At a significance threshold of 0.05, we had 98% power to detect polygenic scores explaining ≥0.2% of variance in case/control status for any validation subtype, 81% to 82% power to detect scores explaining ≥0.1% of variance (varying by subtype), and 51% to 53% power for scores explaining ≥0.05% of variance.13 At a significance threshold of 0.001, the corresponding power estimates were 76% to 78%, 32% to 34%, and 10% to 11%, respectively.
Lookup for Individual SNPs Associated With Kidney or Stroke Traits
As a secondary analysis, we conducted targeted, cross-trait analyses for individual SNPs previously associated with kidney traits or IS subtypes. These analyses are described in the online-only Data Supplement.
SNP set enrichment across P value thresholds for the 3 kidney traits is shown in Figure. Enrichment was strongest for eGFR based on serum creatinine (eGFRcrea). Modest SNP enrichment was also observed for eGFR based on Cystatin C (eGFRcys). Results for UACR showed less marked evidence for enrichment.
Polygenic Scoring Results
A total of 4561 IS cases and 7094 controls were used for polygenic score association testing (Table 1). Based on observed correlation among traits (online-only Data Supplement), the adjusted study-wise significance threshold was α=0.001.

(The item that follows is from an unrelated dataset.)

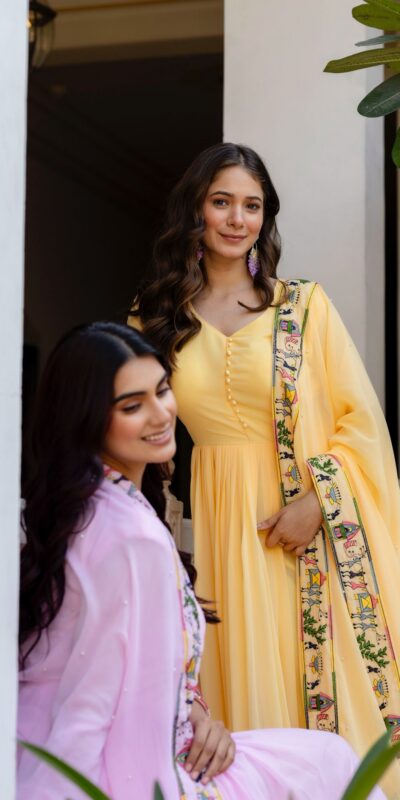 Alluring Pink Georgette Embroider Work Gown | Gowns, Bollywood Gowns, Creative Gowns, Designer Gowns, Embroidered Gowns, Party Wear Gowns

Two scores derived from eGFRcrea showed nominal association with broad IS, reaching P=0.02 and P=0.05 (for Pthreshold=0.001 and 0.01, respectively, see Table 2). Five eGFRcrea-based scores showed nominal association with LAA, with peak association (P=0.004) observed for Pthreshold=0.05. This score explained an estimated 0.26% of LAA case–control variation (Table III in the online-only Data Supplement). For both IS and LAA, scores for all 10 P value thresholds demonstrated the expected negative direction of effect, with genetic scores indicative of higher eGFRcrea correlating with reduced (negative) stroke risk. No eGFRcrea-based score showed association with either CE or SVD, and effect directions were also inconsistent within these subtypes.
Polygenic scores derived from eGFRcys showed no association with broad IS or any of its subtypes (all P>0.05; see Table IV in the online-only Data Supplement). Further, effect directions were inconsistent across tests within each stroke type.
For UACR, one score (Pthreshold=0.01) showed nominal association with broad IS (P=0.04; Table 3). Three scores were also nominally associated with LAA (peak P=0.01 at Pthreshold=0.001, R2=0.11%) and 1 score showed nominal association with SVD (P=0.03 at Pthreshold=0.0001, R2=0.14%; see Table III in the online-only Data Supplement). For the 3 traits (IS, LAA, and SVD), all effects were in the expected direction, with scores indicative of higher UACR (microalbumuria) correlating with positive stroke risk.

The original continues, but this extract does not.